#### Work instructions:
Transcribe exactly the lines from the top of the records below through the line that holds "Toyota Corolla 1.8", both included, with no pictures.

Short web captions:
━━━━━━
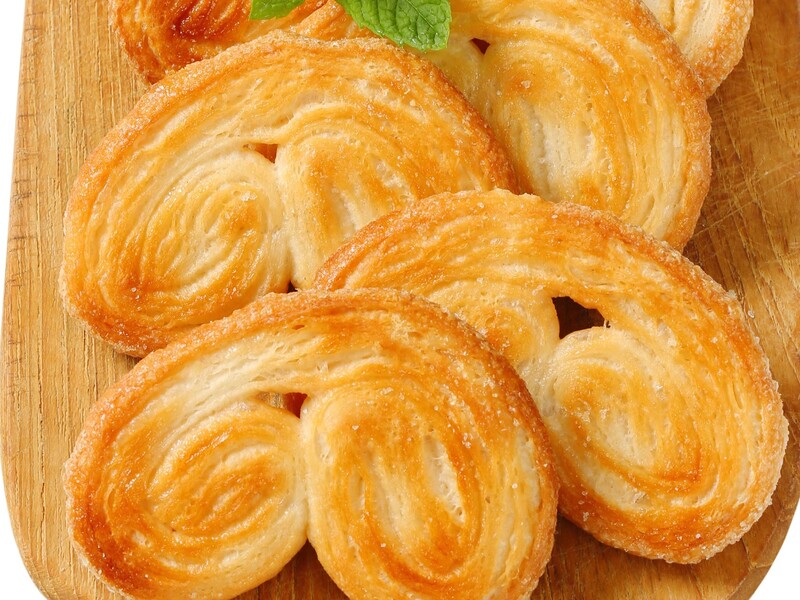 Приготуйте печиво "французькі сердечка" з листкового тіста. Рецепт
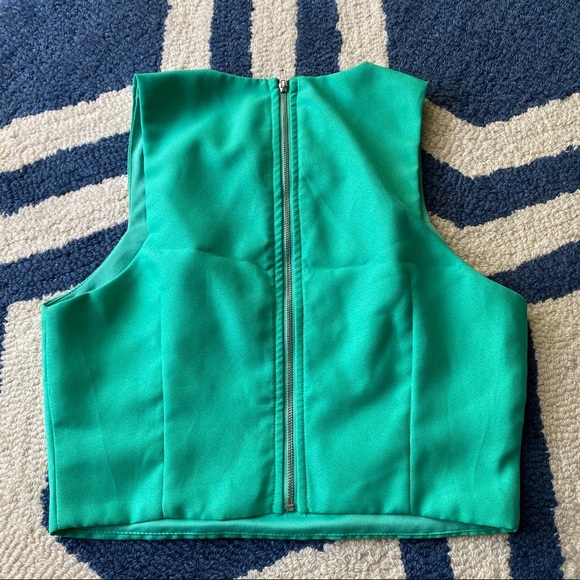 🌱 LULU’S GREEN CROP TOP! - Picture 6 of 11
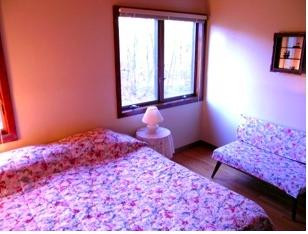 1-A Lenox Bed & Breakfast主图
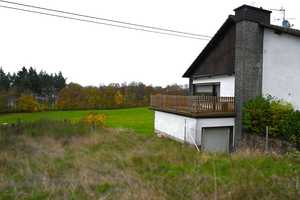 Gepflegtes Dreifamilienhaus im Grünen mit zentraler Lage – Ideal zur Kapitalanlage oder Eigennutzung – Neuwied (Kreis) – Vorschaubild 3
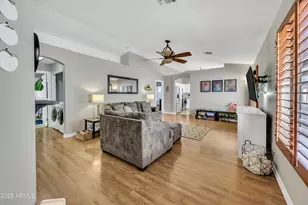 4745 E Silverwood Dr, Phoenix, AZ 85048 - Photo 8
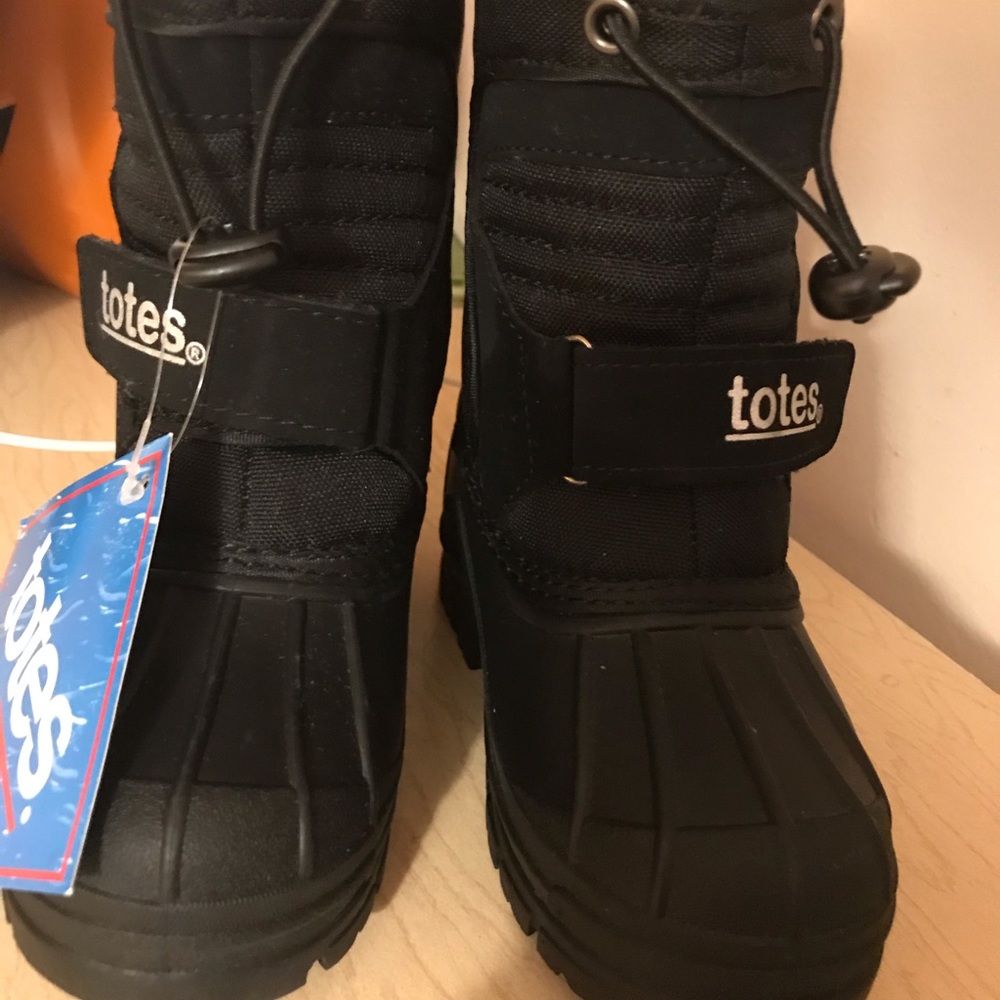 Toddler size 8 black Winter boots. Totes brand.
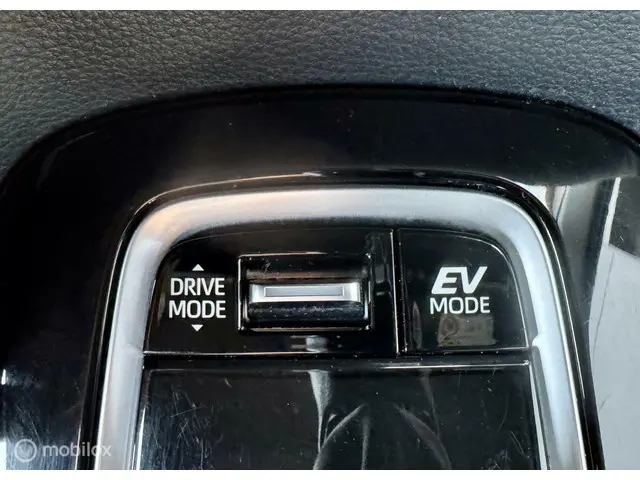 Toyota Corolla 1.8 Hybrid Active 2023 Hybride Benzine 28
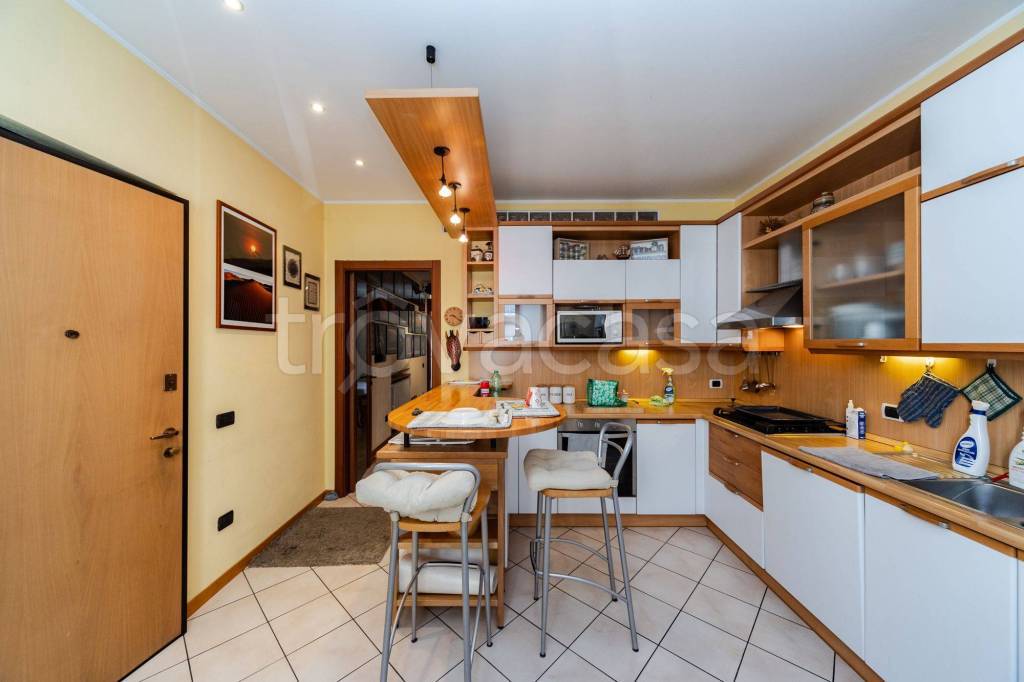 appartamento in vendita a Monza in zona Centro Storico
━━━━━━
#### Exercise result:
 Приготуйте печиво "французькі сердечка" з листкового тіста. Рецепт
 🌱 LULU’S GREEN CROP TOP! - Picture 6 of 11
 1-A Lenox Bed & Breakfast主图
 Gepflegtes Dreifamilienhaus im Grünen mit zentraler Lage – Ideal zur Kapitalanlage oder Eigennutzung – Neuwied (Kreis) – Vorschaubild 3
 4745 E Silverwood Dr, Phoenix, AZ 85048 - Photo 8
 Toddler size 8 black Winter boots. Totes brand.
 Toyota Corolla 1.8 Hybrid Active 2023 Hybride Benzine 28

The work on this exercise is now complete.